[Short descriptive text snippets]
■ ■ ■ ■

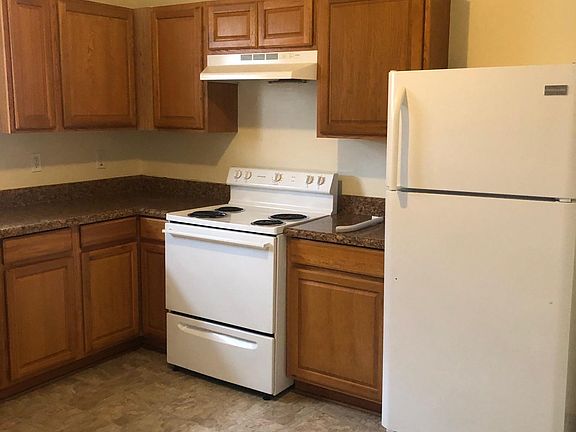 4th image of 116 Yeardley Ave APT B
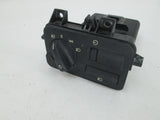 BMW E46 325i 328i 330i headlight switch 6923496 (USED)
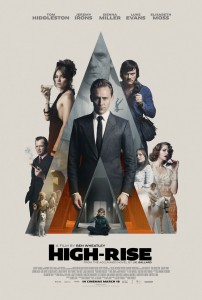 High-Rise-Movie-Poster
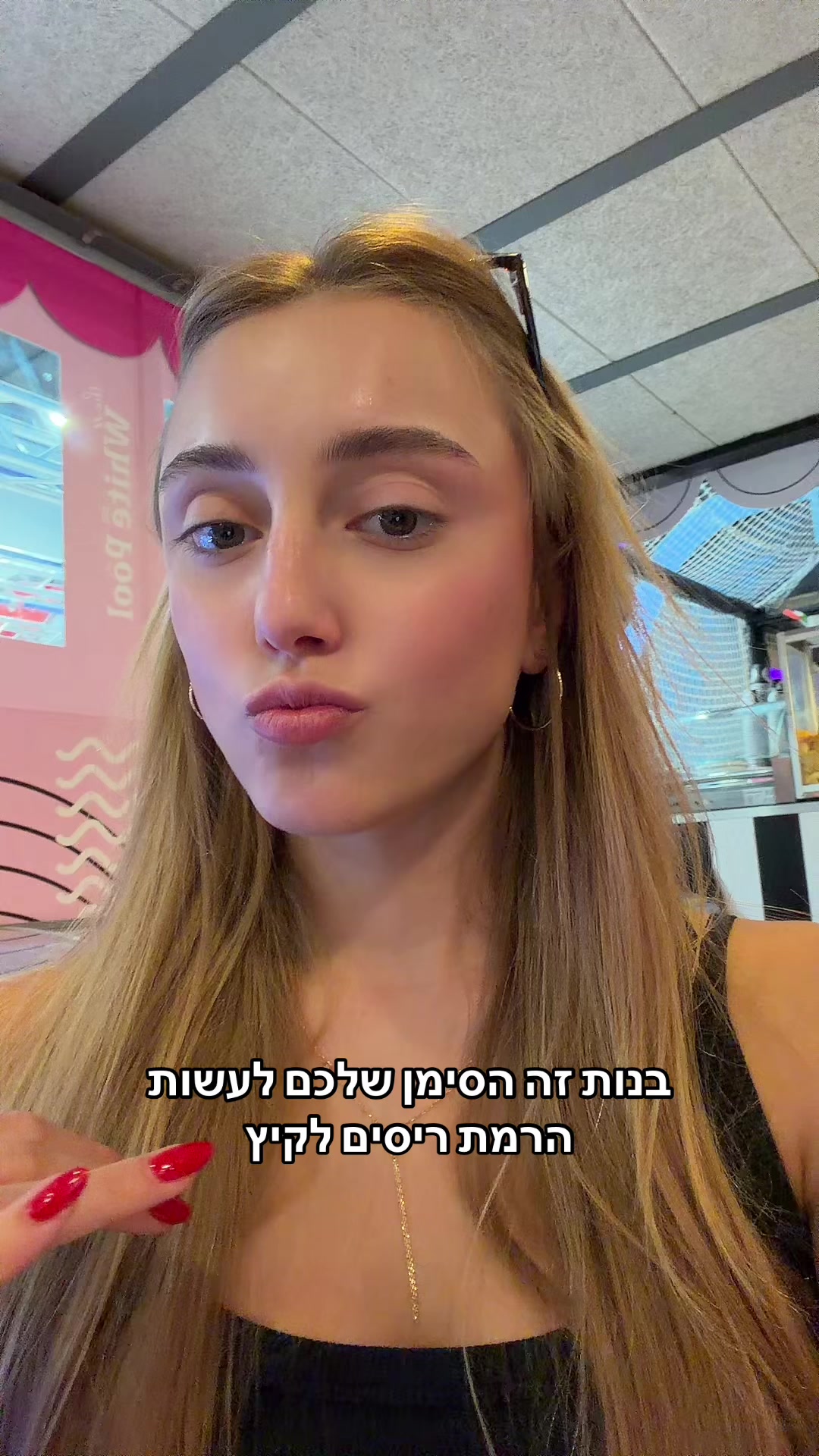 @Liyalotker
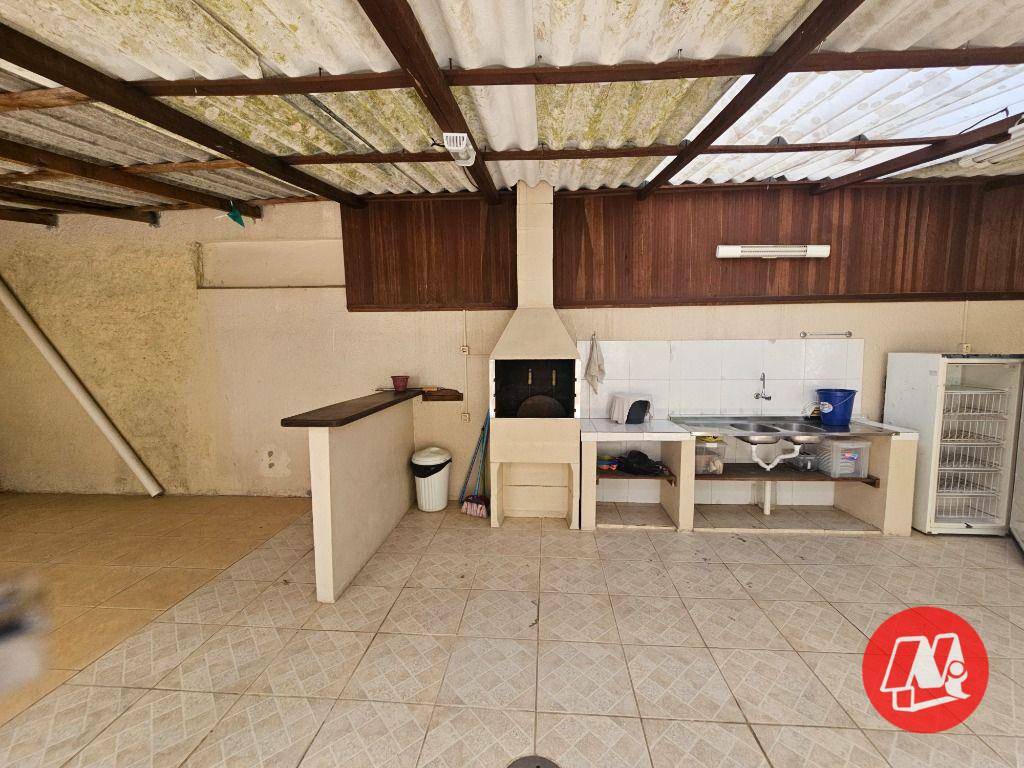 Apartamento para alugar com 1 quarto, 44m² - Foto 25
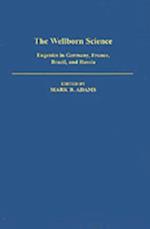 Wellborn Science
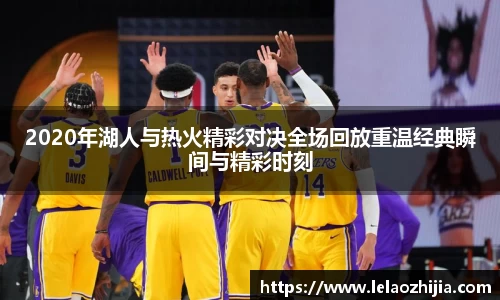 MK体育官方网站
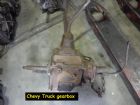 chevrolet-parts-gearbox-truck
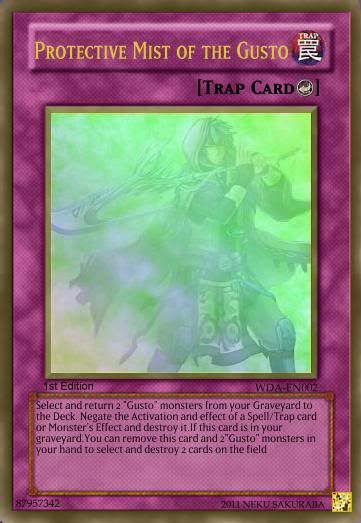 WDA Create a Card Week 1 ProtectiveMistoftheGusto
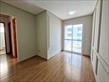 Apartamento para locação no bairro Centro de Londrina com 84m<sup>2</sup> útil, 3 quartos, 2 vagas de garagem - Foto 5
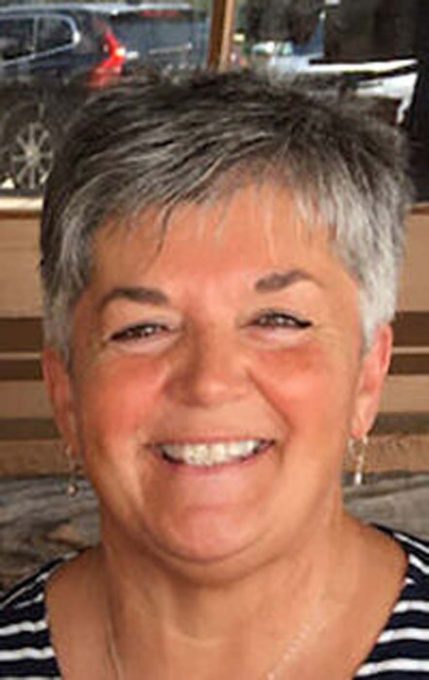 Dillard: Thus is East Texas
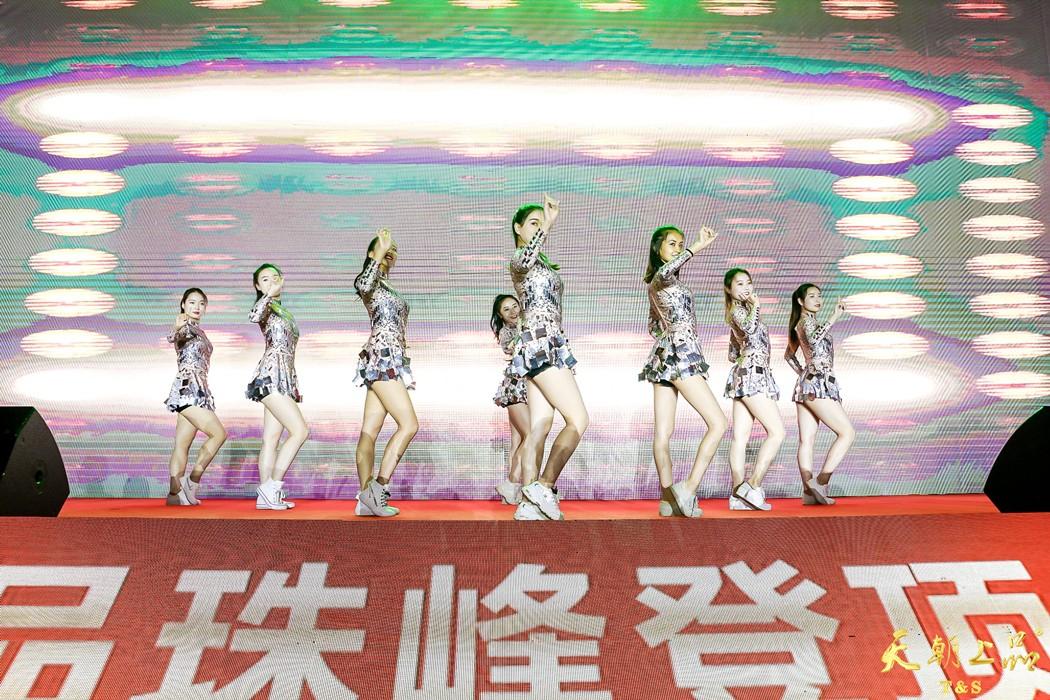 1561353747858232.jpg 1561353747858232.jpg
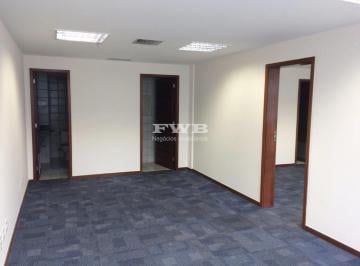 Foto 11 · SALA COMERCIAL NO CENTRO DO RIO DE JANEIRO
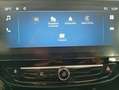 Opel Corsa 1.2T XHL 74kW (100CV) GS Gris - thumbnail 22
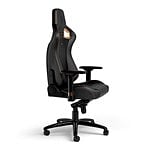 Noblechairs Epic Copper Limited Edition  Silla
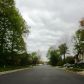 103 Roxy Ave, Edison, NJ 08820 ID:1105280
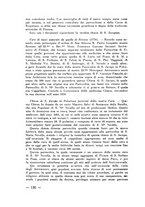 giornale/TO00213447/1932/unico/00000048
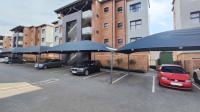 2 Bedroom 2 Bathroom Sec Title for Sale for sale in Jansen Park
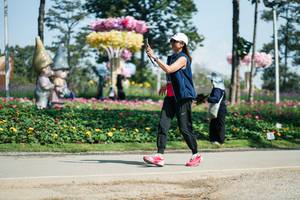 BIB: 
                            <button type="button" onclick="openModal(27607504)" class="btn btn-primary btn-sm float-right btn-popup" data-toggle="modal" data-target=".modal-high-quality">
                        <i class="fas fa-shopping-cart"></i> Add to Cart
                    </button>
                                            <button type="button" onclick="isThisMe(27607504, true)" class="btn btn-success btn-sm float-right btn-popup btn-isme hidden" data-toggle="tooltip" data-placement="bottom" title="นี่คือรูปของคุณใช่ไหม คลิกที่นี่เพื่อเอาเข้าอัลบั้ม">
                        <i class="fas fa-plus"></i> Add to album
                    </button>
                    <button type="button" onclick="isThisMe(27607504, false)" class="btn btn-warning btn-sm float-right btn-popup btn-isnotme hidden">
                        <i class="fas fa-ban"></i> Remove from album
                    </button>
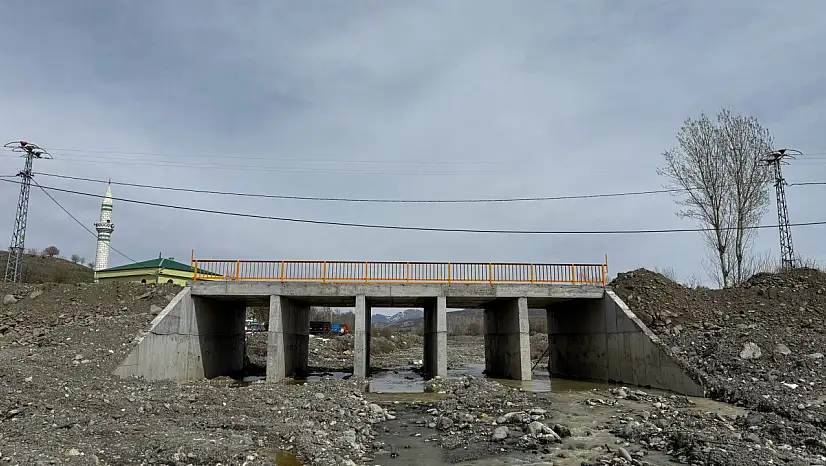 Elâzığ İl Özel İdaresi, Şehirdeki Değişimi ve Başarıyı Hızla Yükseltiyor..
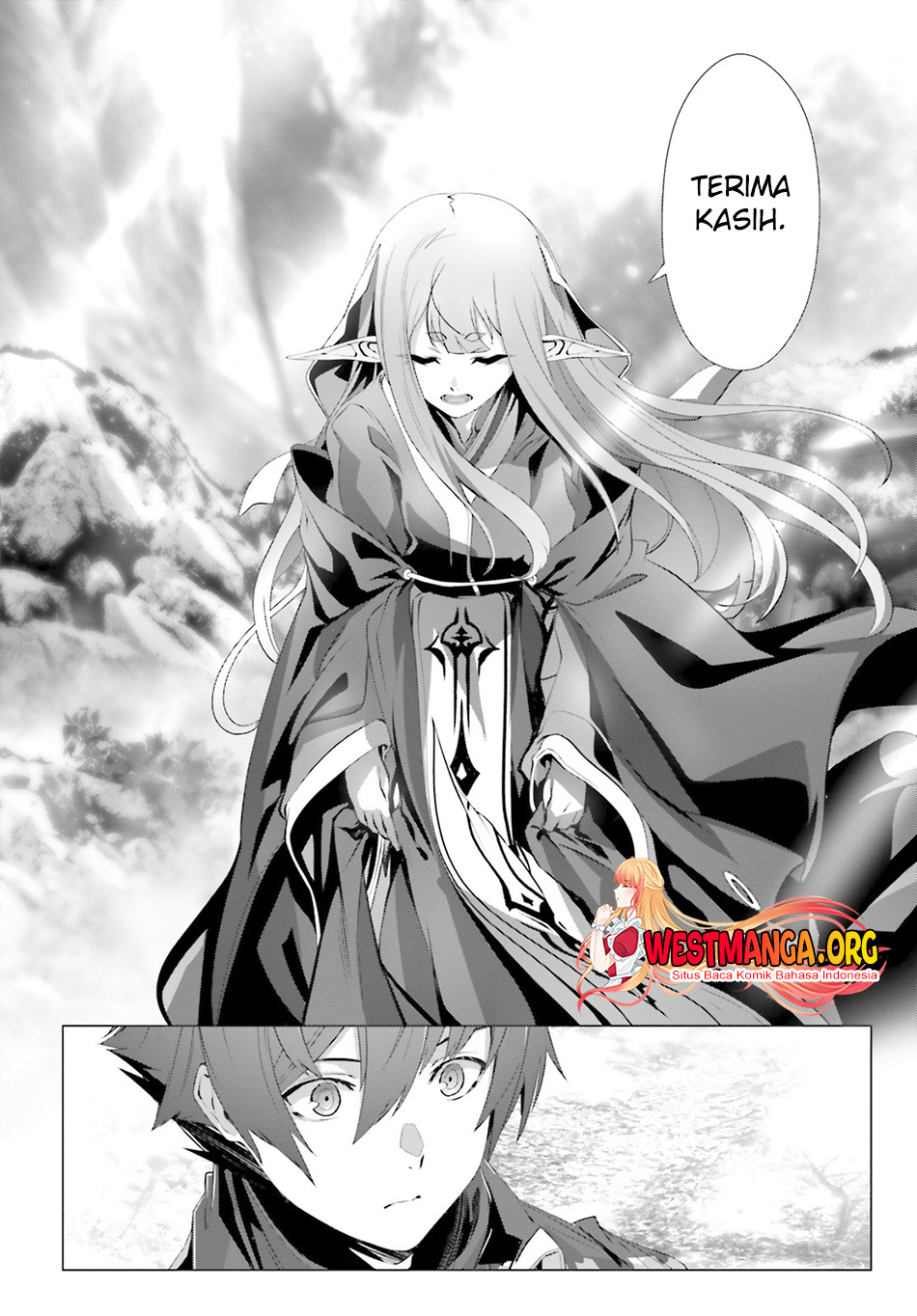 Chapter 32 - halaman 10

■ ■ ■ ■

| Task instructions |
Can you restate all the records above word for word while dropping the pictures?

| Answer |
 4th image of 116 Yeardley Ave APT B
 BMW E46 325i 328i 330i headlight switch 6923496 (USED)
 High-Rise-Movie-Poster
 @Liyalotker
 Apartamento para alugar com 1 quarto, 44m² - Foto 25
 Wellborn Science
 MK体育官方网站
 chevrolet-parts-gearbox-truck
 WDA Create a Card Week 1 ProtectiveMistoftheGusto
 Apartamento para locação no bairro Centro de Londrina com 84m<sup>2</sup> útil, 3 quartos, 2 vagas de garagem - Foto 5
 Dillard: Thus is East Texas
 1561353747858232.jpg 1561353747858232.jpg
 Foto 11 · SALA COMERCIAL NO CENTRO DO RIO DE JANEIRO
 Opel Corsa 1.2T XHL 74kW (100CV) GS Gris - thumbnail 22
 Noblechairs Epic Copper Limited Edition  Silla
 103 Roxy Ave, Edison, NJ 08820 ID:1105280
 giornale/TO00213447/1932/unico/00000048
 2 Bedroom 2 Bathroom Sec Title for Sale for sale in Jansen Park
 BIB: 
                            <button type="button" onclick="openModal(27607504)" class="btn btn-primary btn-sm float-right btn-popup" data-toggle="modal" data-target=".modal-high-quality">
                        <i class="fas fa-shopping-cart"></i> Add to Cart
                    </button>
                                            <button type="button" onclick="isThisMe(27607504, true)" class="btn btn-success btn-sm float-right btn-popup btn-isme hidden" data-toggle="tooltip" data-placement="bottom" title="นี่คือรูปของคุณใช่ไหม คลิกที่นี่เพื่อเอาเข้าอัลบั้ม">
                        <i class="fas fa-plus"></i> Add to album
                    </button>
                    <button type="button" onclick="isThisMe(27607504, false)" class="btn btn-warning btn-sm float-right btn-popup btn-isnotme hidden">
                        <i class="fas fa-ban"></i> Remove from album
                    </button>
 Elâzığ İl Özel İdaresi, Şehirdeki Değişimi ve Başarıyı Hızla Yükseltiyor..
 Chapter 32 - halaman 10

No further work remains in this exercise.